As usual with our summer academies, on the first evening the participants came together to meet each other, share stories and delicacies from their home countries. And, as usual, we had far too much food and drink for just one night! But not to worry, we had another seven days to share everything around.

On the first morning, all was quiet at Agroktima Marini. The tables and chairs had been arranged in the newly decorated main hall. The sound technician had set up the microphones, and the interpreters were sipping their coffees waiting for everyone to arrive.
The participants were staying at the beautiful Messinan Bay Hotel, just a few kilometres up the road. The night before, we had been busy preparing the participants’ portfolios and they were ready to be handed out. Both Greek and English versions were available to suit our participants’ language needs.
As the Elenis – our smiley interpreters – did their last sound checks, the sound of a bus approaching caught our attention. The participants had arrived! Fouli Papageorgiou, President of Euracademy Association, opened the 14th Summer Academy by welcoming the approximately 40 participants from 16 different countries including Afghanistan, The Democratic Republic of Congo, Sudan, Turkey, Egypt and many more from the European Union. She spoke about the We are all Citizens programme and the project which Euracademy is currently involved with entitled Rural NGOs: Catalysts of Social Cohesion and Sustainable Development, which also lends its name to this year’s summer academy.
The keynote speaker for the conference was Thomas Liebig, Senior Administrator, International Migration Division at the OECD. His gave some very interesting insights, particularly as regards Greece, during his presentation entitled: “Integrating immigrants and their children – an overview”.
After each presentation, participants formed small workgroups to tackle questions set by the presenters at the end of their presentations.

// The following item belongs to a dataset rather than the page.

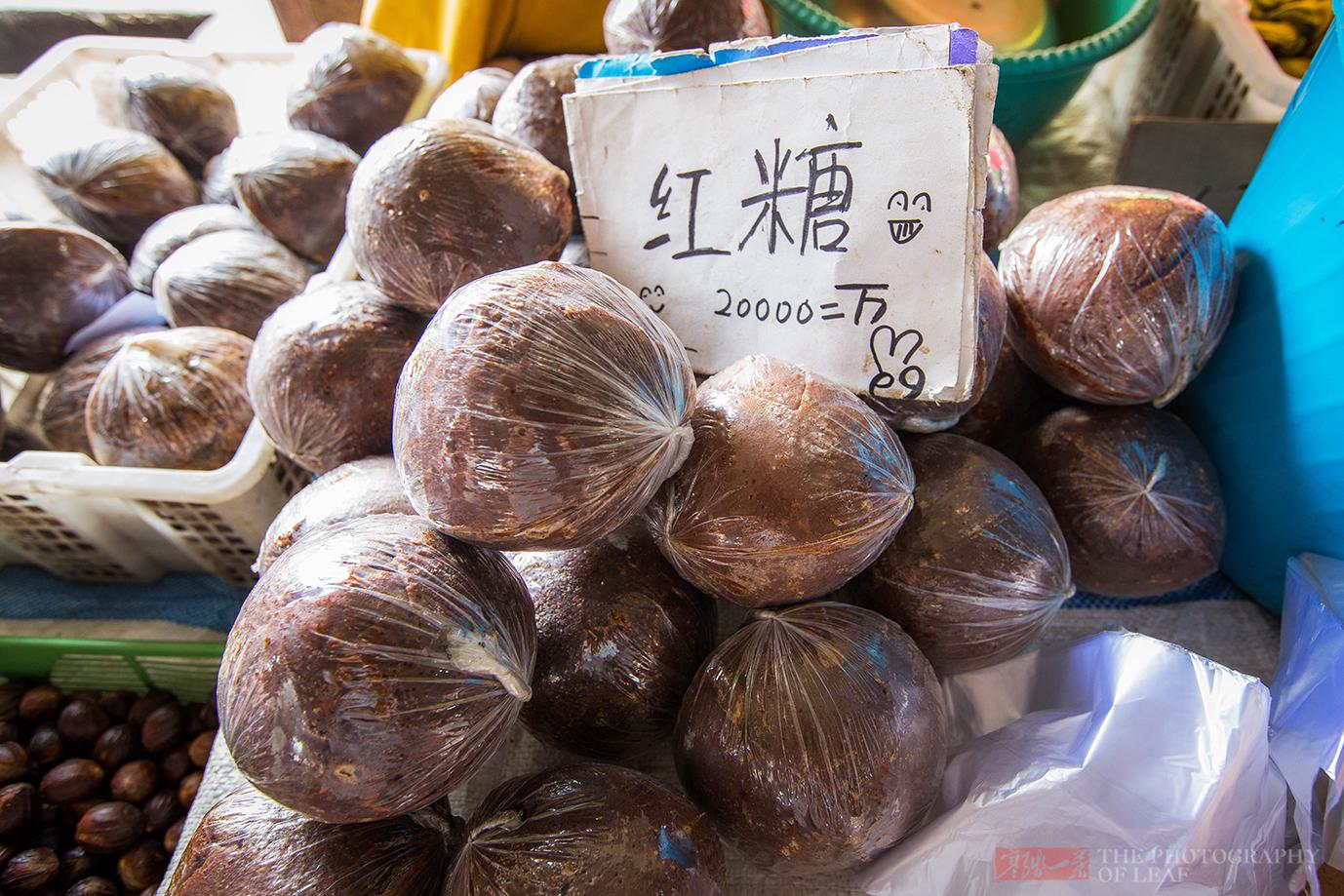 印尼土著人的红糖,印尼盾5000元
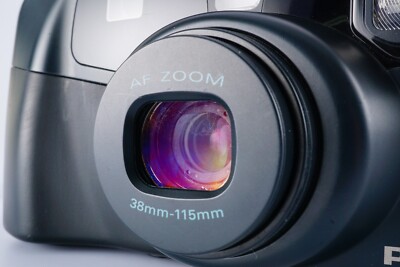 ASIS PENTAX ESPIO 115 Point & Shoot 35mm AF Zoom Film Camera From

And then present their findings durning a subsequent plenary session. Here is Demetris of Euracademy Association sharing his group’s conclusions during one of the plenaries. The conclusions were presented as posters, which remained on the walls of the main hall so that everyone could take a closer look. 

Throughout the academy we heard from a total of 15 expert speakers from throughout the EU and beyond.  Dr Wojciech Goszczynski of Nicolaus Copernicus University, Poland, spoke during the first day on The balance of social capital in rural communities as a factor to analyse social cohesion. Mohammed Dhalech of the North Wales Regional Equality Network  shared real life examples and experiences during his aptly named presentation: Rurality and Migrant Communities – … no problem here!! And Joe Brady of the Scottish Refugee Council spoke on New Scots: Integrating Refugees in Scotland’s Communities. Roger Evans, Euracademy Board Member, presented on Strategic and business planning for NGOs: a luxury or a necessary chore?  And here is Thanos Papamattheou, sharing the experiences of his NGO, PRAKSIS, in relation to issues of capacity building.
We also heard Martin Kalenga of the Greek Refugee Forum, who gave a passionate account of the experiences and work of his NGO.
And Erdem Vardar, Director of YUVA/DVV International Turkey about the NGO cooperation and contribution to refugees’ training and welfare in Turkey.
During one of the panel discussions, Lili Mahne, another of Euracademy’s board members, spoke on the  Capacity building programme for NGOs in Slovenija -experiences from the period 2007 /2014 and the challenges for the future.
Fotini Papoudakis, Associate Professor at The Technological Educational Institute of the Peloponnese, used a specific case study in the presentation entitled Conditions of civic development in small rural communities. The case of Anavra-Goura”. And Iren Kukorelli, Vice-President of Euracademy Association, together with Patricia Honvari of the Hungarian Academy of Sciences, gave some insights on what is currently happening in Hungary, in their presentation entitled Inclusion or Exclusion – Immigrants and Refugees in Hungary”. As well as attending the lectures, workgroups and plenary sessions, participants also had some free time to explore the surrounding area and get to know the locals and enjoy the beautiful surrounding scenery of the Taygetus foothills. Oh, and I almost forgot – everyday we were treated to amazing Greek food, always served with a good glug of the local speciality: Kalamata olive oil. In the evenings participants either had free time to go swimming in the crystal clear water of the Messinian bay, or simply relax and take in the amazing sunsets that brought each day to a close.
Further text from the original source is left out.